Directions ▸ Within the entries below, find the portion that opens with the line containing "Cashmere Zip Up Cardigan" and closes with the line containing "2pcs Soft Christmas". Retype that portion exactly and only.

#### Data to process

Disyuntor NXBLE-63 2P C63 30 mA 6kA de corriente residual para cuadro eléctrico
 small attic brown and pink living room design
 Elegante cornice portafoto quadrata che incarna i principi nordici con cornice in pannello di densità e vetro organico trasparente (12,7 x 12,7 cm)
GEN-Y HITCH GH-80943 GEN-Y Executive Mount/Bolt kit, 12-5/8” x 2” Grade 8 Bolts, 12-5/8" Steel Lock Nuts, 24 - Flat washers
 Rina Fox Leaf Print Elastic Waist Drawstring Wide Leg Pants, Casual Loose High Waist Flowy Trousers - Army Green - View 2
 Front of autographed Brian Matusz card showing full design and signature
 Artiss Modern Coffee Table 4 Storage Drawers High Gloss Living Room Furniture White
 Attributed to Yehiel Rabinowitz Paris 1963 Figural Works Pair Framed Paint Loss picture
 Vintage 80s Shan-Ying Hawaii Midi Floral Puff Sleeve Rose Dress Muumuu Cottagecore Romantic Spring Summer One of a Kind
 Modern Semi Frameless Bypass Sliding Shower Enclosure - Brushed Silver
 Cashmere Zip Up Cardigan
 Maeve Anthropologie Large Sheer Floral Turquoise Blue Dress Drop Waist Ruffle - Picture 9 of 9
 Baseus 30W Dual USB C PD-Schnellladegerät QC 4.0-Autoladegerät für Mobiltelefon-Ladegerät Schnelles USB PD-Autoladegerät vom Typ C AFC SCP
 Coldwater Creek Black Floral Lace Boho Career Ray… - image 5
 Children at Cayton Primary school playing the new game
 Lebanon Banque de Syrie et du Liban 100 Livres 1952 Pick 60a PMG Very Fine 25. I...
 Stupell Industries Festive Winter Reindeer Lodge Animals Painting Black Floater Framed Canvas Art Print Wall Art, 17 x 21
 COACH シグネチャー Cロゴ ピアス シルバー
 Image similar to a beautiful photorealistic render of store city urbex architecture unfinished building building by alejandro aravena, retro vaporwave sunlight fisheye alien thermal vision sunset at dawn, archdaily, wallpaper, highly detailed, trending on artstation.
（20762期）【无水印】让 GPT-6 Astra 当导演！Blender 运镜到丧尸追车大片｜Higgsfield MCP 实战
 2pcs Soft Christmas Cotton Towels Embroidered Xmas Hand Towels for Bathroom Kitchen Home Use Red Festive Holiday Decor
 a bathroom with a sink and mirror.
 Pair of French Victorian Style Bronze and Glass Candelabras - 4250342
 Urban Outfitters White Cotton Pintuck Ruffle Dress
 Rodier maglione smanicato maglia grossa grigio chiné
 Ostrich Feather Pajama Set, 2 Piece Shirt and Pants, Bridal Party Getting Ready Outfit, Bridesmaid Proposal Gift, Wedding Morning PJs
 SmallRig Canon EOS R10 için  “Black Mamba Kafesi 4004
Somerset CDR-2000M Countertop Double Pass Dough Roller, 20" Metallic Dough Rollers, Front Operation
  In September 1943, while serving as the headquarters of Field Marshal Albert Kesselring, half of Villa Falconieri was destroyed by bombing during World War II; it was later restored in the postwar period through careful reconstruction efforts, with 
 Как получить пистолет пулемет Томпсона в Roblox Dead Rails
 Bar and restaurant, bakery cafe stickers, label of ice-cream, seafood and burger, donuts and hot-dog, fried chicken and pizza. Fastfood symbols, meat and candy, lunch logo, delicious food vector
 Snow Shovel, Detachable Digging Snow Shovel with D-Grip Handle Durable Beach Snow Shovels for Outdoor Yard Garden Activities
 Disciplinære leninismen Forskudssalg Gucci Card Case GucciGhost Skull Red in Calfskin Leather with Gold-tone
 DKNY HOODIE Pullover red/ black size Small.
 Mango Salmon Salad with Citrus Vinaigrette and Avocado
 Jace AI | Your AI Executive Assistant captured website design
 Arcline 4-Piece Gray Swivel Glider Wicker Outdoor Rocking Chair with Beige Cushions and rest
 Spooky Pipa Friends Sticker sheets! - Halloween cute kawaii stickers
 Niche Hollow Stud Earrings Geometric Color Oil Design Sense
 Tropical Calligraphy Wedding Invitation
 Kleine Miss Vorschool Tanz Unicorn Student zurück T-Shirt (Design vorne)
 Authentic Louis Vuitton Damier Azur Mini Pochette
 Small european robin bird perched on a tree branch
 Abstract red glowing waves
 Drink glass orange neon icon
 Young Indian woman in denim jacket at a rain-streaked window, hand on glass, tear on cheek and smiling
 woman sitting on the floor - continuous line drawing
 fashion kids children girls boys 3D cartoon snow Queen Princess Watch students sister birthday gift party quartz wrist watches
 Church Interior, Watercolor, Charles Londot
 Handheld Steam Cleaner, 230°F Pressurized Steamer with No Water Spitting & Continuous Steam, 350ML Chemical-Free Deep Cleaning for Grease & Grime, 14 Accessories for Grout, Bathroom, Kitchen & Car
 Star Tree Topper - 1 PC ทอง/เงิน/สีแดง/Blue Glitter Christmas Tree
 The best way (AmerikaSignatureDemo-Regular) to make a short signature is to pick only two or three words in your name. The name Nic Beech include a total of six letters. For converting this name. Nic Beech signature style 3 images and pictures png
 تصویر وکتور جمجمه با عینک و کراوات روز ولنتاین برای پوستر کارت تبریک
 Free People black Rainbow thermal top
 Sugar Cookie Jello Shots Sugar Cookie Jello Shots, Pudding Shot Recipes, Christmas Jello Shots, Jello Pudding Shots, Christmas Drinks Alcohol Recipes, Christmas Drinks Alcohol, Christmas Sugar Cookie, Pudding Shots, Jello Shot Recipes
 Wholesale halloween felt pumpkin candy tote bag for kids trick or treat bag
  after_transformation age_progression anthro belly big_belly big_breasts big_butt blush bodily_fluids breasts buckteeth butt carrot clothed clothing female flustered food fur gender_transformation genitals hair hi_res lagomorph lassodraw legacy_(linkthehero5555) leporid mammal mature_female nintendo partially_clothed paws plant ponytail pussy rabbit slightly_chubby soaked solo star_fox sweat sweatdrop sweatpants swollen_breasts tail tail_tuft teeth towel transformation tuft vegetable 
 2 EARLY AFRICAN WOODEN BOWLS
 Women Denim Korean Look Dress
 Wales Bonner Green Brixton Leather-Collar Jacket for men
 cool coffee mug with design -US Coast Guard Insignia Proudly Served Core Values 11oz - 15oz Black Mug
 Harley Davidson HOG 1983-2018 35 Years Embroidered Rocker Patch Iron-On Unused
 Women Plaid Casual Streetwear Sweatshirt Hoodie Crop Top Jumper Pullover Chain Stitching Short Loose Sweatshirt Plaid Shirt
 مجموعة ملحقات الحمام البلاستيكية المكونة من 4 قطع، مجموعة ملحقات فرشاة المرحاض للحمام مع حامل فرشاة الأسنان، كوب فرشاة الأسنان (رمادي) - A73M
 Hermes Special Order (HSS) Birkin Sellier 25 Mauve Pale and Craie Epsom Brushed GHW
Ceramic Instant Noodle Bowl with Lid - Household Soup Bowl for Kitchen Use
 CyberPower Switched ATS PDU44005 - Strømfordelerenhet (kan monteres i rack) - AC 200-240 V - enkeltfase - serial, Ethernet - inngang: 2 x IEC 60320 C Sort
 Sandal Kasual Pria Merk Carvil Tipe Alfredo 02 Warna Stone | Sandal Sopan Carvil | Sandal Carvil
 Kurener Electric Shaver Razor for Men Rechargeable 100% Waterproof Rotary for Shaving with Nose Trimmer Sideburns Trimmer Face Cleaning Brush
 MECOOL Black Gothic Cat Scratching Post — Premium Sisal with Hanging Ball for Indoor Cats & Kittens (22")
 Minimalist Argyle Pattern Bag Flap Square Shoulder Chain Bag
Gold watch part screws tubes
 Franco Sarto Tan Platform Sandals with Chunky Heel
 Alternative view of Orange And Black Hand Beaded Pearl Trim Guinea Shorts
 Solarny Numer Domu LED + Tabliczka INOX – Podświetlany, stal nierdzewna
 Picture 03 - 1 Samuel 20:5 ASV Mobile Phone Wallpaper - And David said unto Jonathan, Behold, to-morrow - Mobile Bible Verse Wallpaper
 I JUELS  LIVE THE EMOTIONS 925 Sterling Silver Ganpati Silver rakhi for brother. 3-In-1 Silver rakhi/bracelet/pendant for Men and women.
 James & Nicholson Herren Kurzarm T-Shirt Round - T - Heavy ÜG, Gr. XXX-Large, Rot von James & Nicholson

########

Written solution ▸
 Cashmere Zip Up Cardigan
 Maeve Anthropologie Large Sheer Floral Turquoise Blue Dress Drop Waist Ruffle - Picture 9 of 9
 Baseus 30W Dual USB C PD-Schnellladegerät QC 4.0-Autoladegerät für Mobiltelefon-Ladegerät Schnelles USB PD-Autoladegerät vom Typ C AFC SCP
 Coldwater Creek Black Floral Lace Boho Career Ray… - image 5
 Children at Cayton Primary school playing the new game
 Lebanon Banque de Syrie et du Liban 100 Livres 1952 Pick 60a PMG Very Fine 25. I...
 Stupell Industries Festive Winter Reindeer Lodge Animals Painting Black Floater Framed Canvas Art Print Wall Art, 17 x 21
 COACH シグネチャー Cロゴ ピアス シルバー
 Image similar to a beautiful photorealistic render of store city urbex architecture unfinished building building by alejandro aravena, retro vaporwave sunlight fisheye alien thermal vision sunset at dawn, archdaily, wallpaper, highly detailed, trending on artstation.
（20762期）【无水印】让 GPT-6 Astra 当导演！Blender 运镜到丧尸追车大片｜Higgsfield MCP 实战
 2pcs Soft Christmas Cotton Towels Embroidered Xmas Hand Towels for Bathroom Kitchen Home Use Red Festive Holiday Decor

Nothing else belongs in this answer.